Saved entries
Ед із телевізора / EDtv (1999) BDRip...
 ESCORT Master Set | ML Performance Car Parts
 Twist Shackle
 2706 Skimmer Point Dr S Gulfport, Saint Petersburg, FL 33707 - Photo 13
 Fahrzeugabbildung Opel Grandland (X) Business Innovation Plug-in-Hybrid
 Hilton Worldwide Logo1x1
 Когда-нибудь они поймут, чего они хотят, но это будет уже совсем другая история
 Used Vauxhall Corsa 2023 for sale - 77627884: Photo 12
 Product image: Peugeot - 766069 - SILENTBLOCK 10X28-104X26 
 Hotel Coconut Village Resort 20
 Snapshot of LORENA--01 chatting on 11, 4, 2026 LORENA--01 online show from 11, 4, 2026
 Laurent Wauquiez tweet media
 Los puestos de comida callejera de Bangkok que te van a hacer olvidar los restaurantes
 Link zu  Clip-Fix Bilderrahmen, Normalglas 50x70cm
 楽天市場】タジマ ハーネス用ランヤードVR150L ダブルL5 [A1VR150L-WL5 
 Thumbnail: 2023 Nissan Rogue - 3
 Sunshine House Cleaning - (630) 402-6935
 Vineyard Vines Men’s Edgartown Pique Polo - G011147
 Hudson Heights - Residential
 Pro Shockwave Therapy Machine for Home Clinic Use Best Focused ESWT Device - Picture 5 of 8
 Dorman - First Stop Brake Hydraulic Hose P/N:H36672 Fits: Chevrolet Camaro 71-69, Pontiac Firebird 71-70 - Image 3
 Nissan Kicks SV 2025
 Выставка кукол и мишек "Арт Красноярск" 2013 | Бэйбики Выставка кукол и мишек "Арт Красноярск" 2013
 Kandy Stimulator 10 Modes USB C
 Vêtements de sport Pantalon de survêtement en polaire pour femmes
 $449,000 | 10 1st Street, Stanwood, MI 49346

Exercise objective: Look through the entries and return every line where "Photo" appears.

Exercise output:
 2706 Skimmer Point Dr S Gulfport, Saint Petersburg, FL 33707 - Photo 13
 Used Vauxhall Corsa 2023 for sale - 77627884: Photo 12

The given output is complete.